So kann ich mein Leben in Ruhe fristen.


----------



## SrgMartin88 (24. Juli 2015)

Ich mach es wie in  >>Dawn of the Dead<<
ich Camper im Supermarkt aus.
Ich würde mir IKEA Raussuchen.

HotDogs - IceCream & KÖTTBULLAR!

Und ganz viel zum Verschanzen!

Kurz gesagt: 
Ich Plane für die Zombie Apokalypse,  Übernahme des IKEA (Frankfur [Main]) xD.


----------



## essayn (24. Juli 2015)

Bitte löschen. Meine Ergänzung steht weiter oben.

Danke.


----------



## grinch66 (24. Juli 2015)

gar nicht, ich bin mit einer der ersten der drauf geht


----------



## Aromatamtam (24. Juli 2015)

Bogenschießen kann ich schon, aber vielleicht noch anderes Waffen-/Selbstverteidigungtraining mal machen. Vielleicht ein Haus mit Bunker und gesichertem Garten, sodass man auch Essen selbst anpflanzen/Tiere halten kann, vielleicht auch mit nem eigenen Brunnen/Wasserversorgungssystem...joa ansonsten auch so viele Vorräte wie möglich bunkern


----------



## SnakeZwei (24. Juli 2015)

Ich habe mich mit dem "Zombie Survival Guide" von Max Brooks bestens auf alle Fälle vorbereitet. Wahrscheinlich hilft mir auch die Tatsache das ich mal ein paar Jahre Fallschirmjäger bei Y-Tours war


----------



## Syon (24. Juli 2015)

Ich nehme meine Axt und schlachte besten Gewissens und ohne rechtliche Konsequenzen die Leute, die über mir wohnen, ab!


----------



## VCKMike (24. Juli 2015)

Wasser einteilen, Urin wieder aufbereiten *g*


----------



## rherden1 (24. Juli 2015)

mit meiner CD-Sammlung (Ramones, Clash, Green day) überlebe ich jede Apokalpyse...


----------



## BlackMarco (24. Juli 2015)

Ich arbeite in einem Lebensmittelmarkt. 
Zuerst werden die ganzen Mitarbeiter vor die Tür gesetzt, dann baue ich mir meine eigene kleine survival Crew zusammen und übernehme den Laden.

Wird schwer, da sicher viele versuchen den Laden zu stürmen aber die Hoffnung stirbt zuletzt!


----------



## country (24. Juli 2015)

Der Keller wird mit Teichplane ausgekleidet und geflutet.

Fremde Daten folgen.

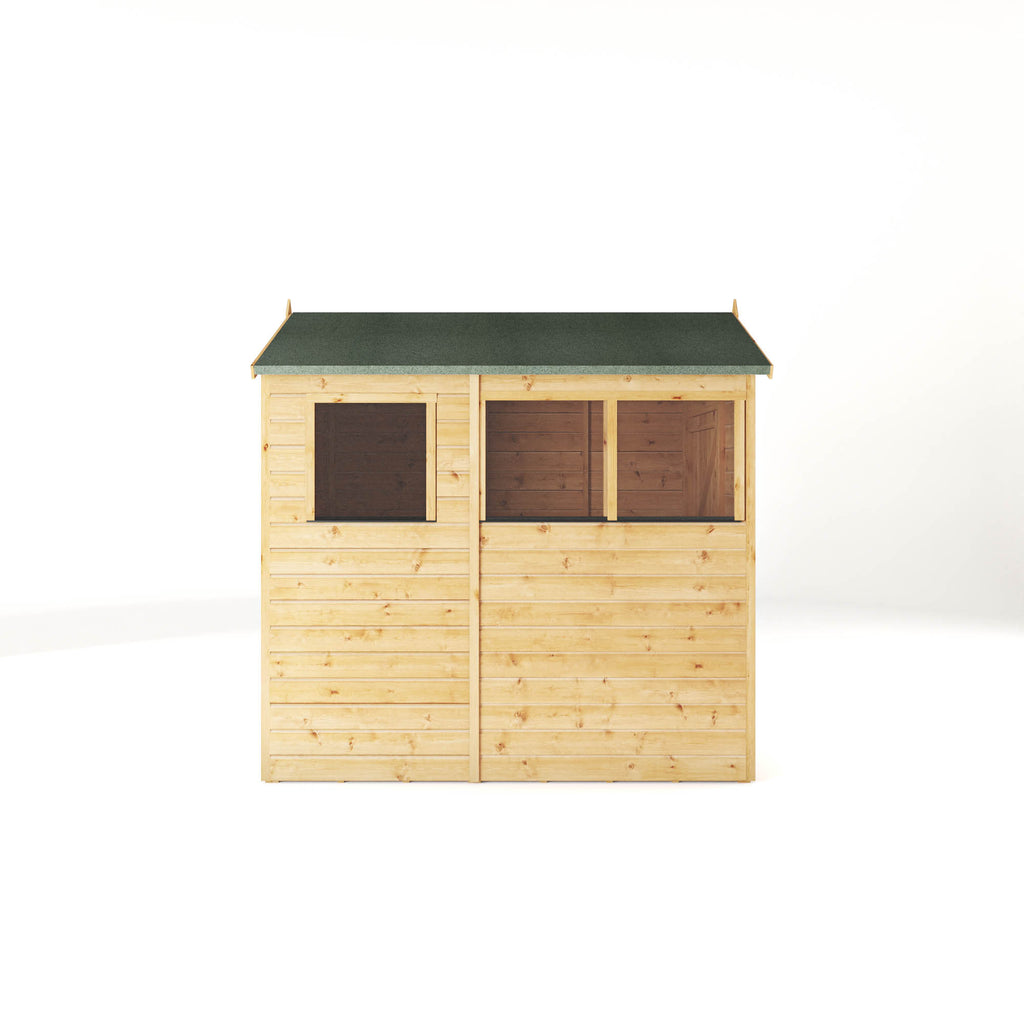 7 x 5 Modular Shiplap Apex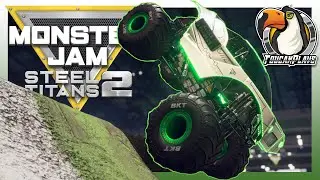 Alien Invasion Takes Over Monster Jam Steel Titans 2 with Epic Monster Truck Battles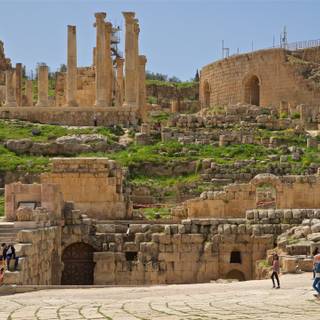Jerash wallpaper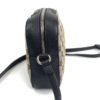 Gucci Monogram Web Small Webby Bee Shoulder Bag Dark Brown and Logo Wallet  Set 11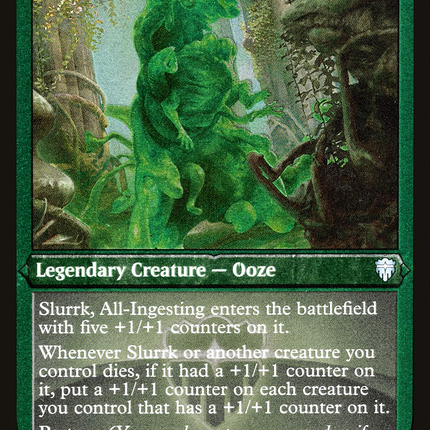 Slurrk, All-Ingesting [Commander Legends] Etched Foil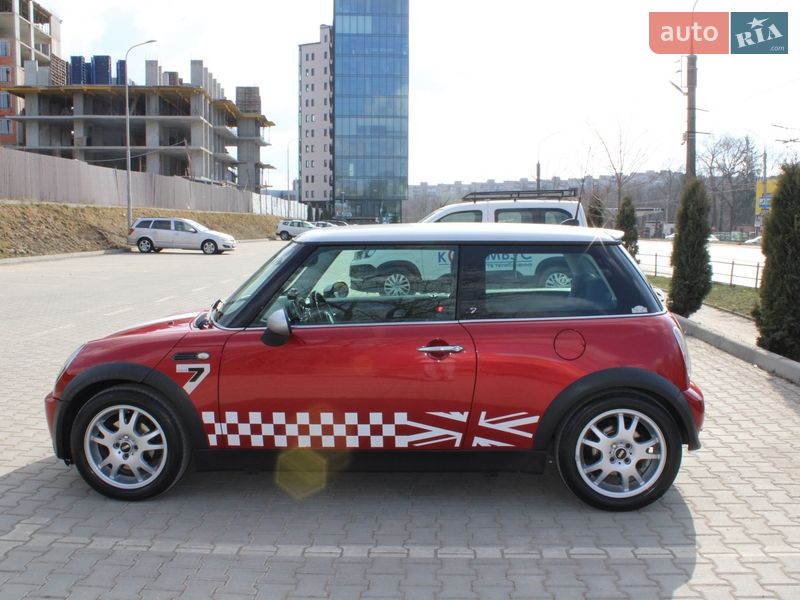 Хэтчбек MINI Cooper 2005 в Тернополе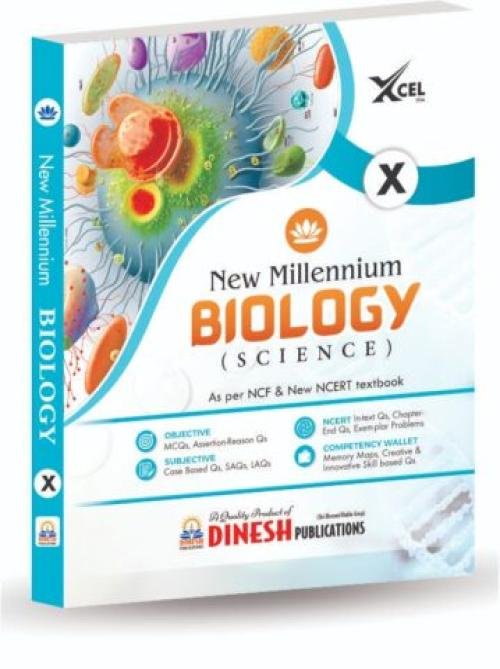 DINESH New Millennium BIOLOGY for Class 10 (2026-27)
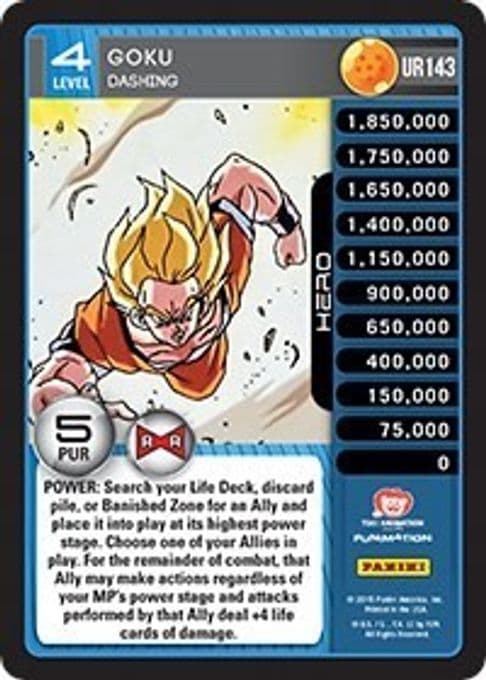 Goku - Dashing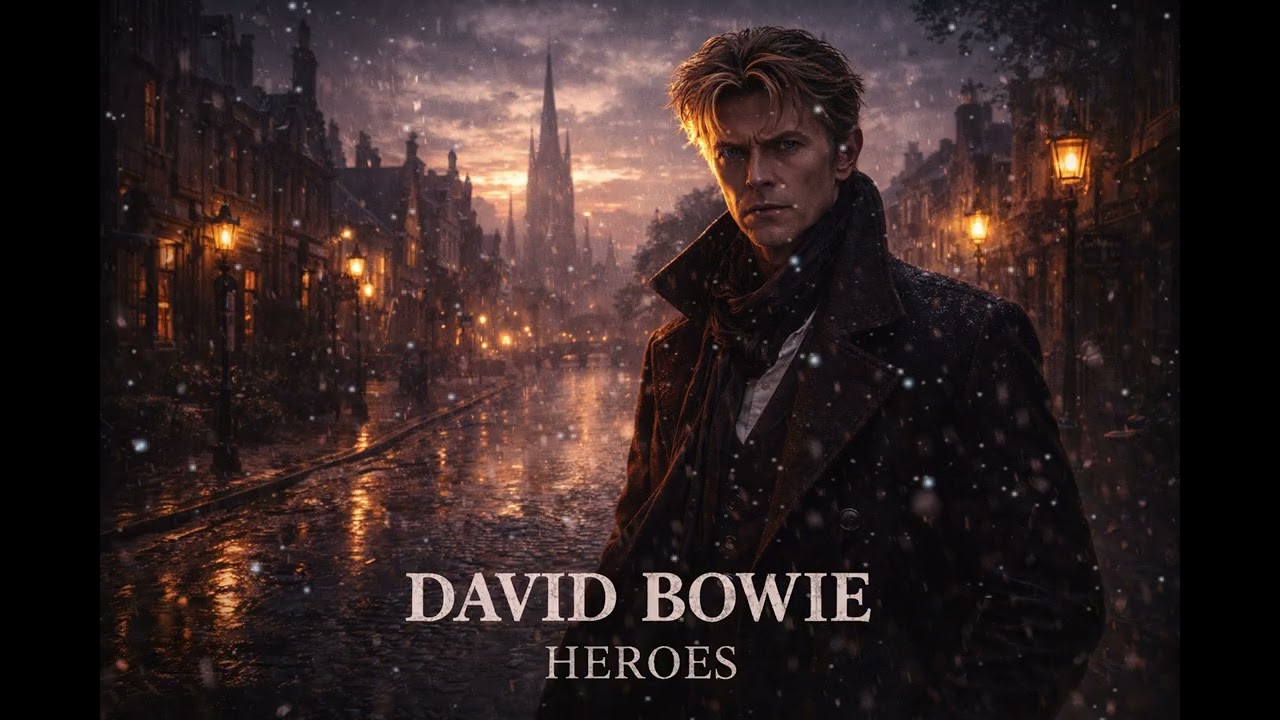 Heroes (Dark Academia Cinematic) – David Bowie | AtlaStudio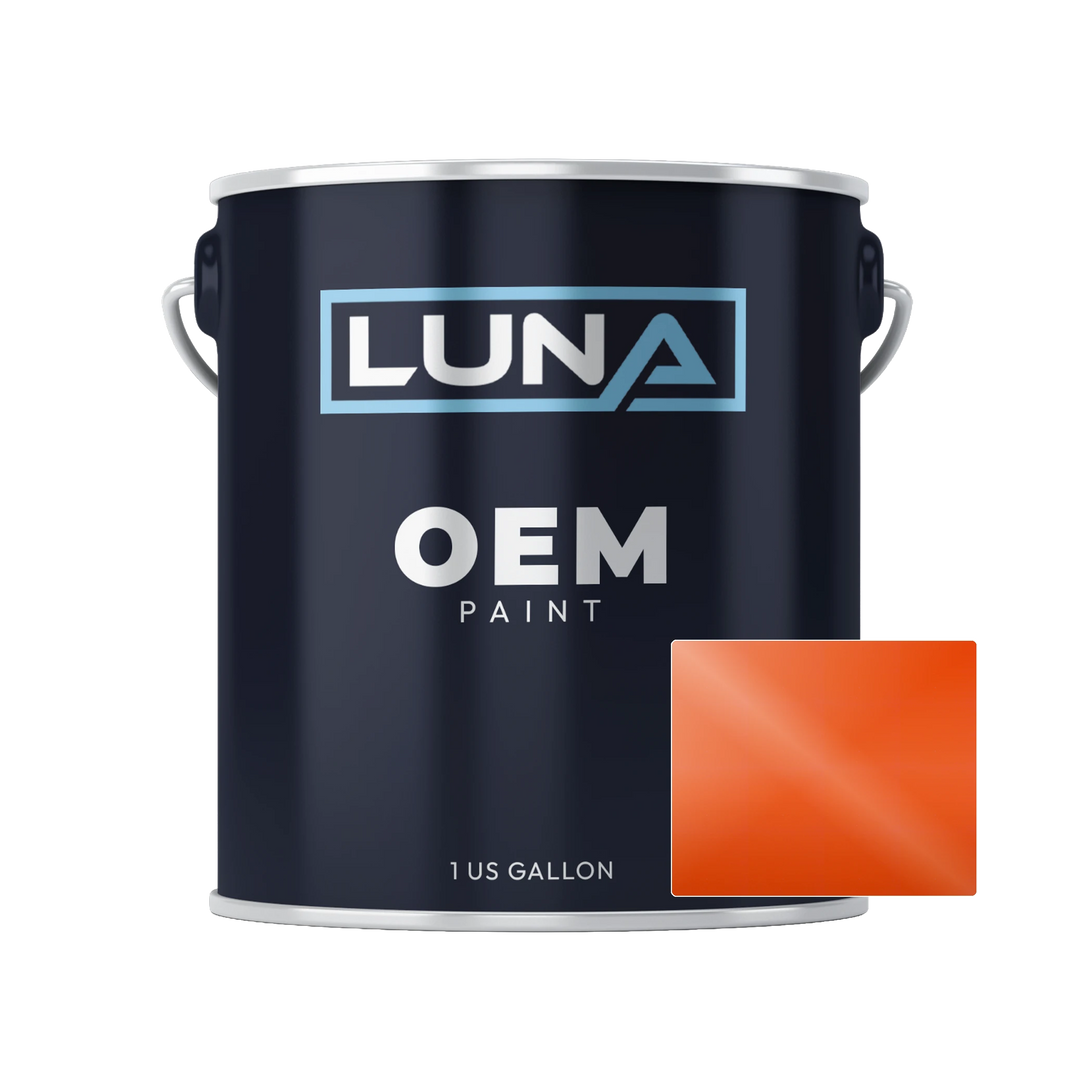 Honda Motorcycle Honda Orange YR26 | Luna OEM Basecoat - Gallon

Reicht für eine weile. Dazu genug Konserven lagern.


----------



## Icewolf77 (25. Juli 2015)

Konserven einlagern, Haus verbarikadieren und die Pumpgun Munition auffüllen


----------



## MadMax97666 (25. Juli 2015)

Abgehen wie der Doom Marine...Alle gegen mich...wer teilt schon gern die letzten Krümmel die es noch gibt?


----------



## sunny69 (25. Juli 2015)

Alle meine Lieben um mich versammeln und schauen, das wir es warm haben und genügend Vorräte . Viel mehr kann man wohl nicht tun.

Liebe Grüße


----------



## theoturtle (25. Juli 2015)

1. Frau und Kinder einpacken
2. Die restlichen wichtigen Verwandten zusammentrommeln und 2 - 3 Freunde / Mit dieser Truppe sollte schon ein Grundstock Helden (Sani/Techniker/Baumeister/Farmer/Kämpfer/Überlebenskünster) an den Start gehen. Der Rest sind NPC's gegen die Langeweile und fürs Questen.
3. Die erste Nacht überleben
4. Den richtige Platz für die erste Siedlung auswählen (Wasservorräte/Nahrung und natürliche Ressourcen) und den Einsiedler zu der näheren Umgebung und lauernden Gefahren befragen
5. Nahrung Sammeln, Holz Hacken, Eisen schmelzen und dann Fix den ersten Bunker bauen. Nahrung lagern, Eisen zu Waffen schmieden. Beginnen den alten Pfad zum Friedhof zu erkunden.
6. Die 2te Nacht überleben
7. Die ersten Befestigungsanlagen bauen, NPC1 (Kind) vor den Wüstenbanditen retten, dafür NPC2 (Schwiegermutter) dafür opfern. 
8. Da nun endlich ruhe in die Truppe eingekehrt ist ein grosses Gelage veranstalten und sich am Lagerfeuer Geschichten aus der guten alten Zeit erzählen ...
9. Noch paar Fallen für die Jagd aufstellen , die ersten Felder bepflanzen und das Lagerhaus erweitern
10. Das Banditencamp erobern (prust!) 
11. Die Belohnung beim Questgeber (Opa) abholen und den alten Socken, die Konservendose , den Gummiband, und das Marmeladenglas mit dem Taschenmesser und der Skeletthand zu einem Raketenwerfer kombinieren. Der Kuhdung wird in der Apfelsaftpresse zu Munition veredelt. Das Benzin für die Kettensäge finden wir erst im nächsten Teil.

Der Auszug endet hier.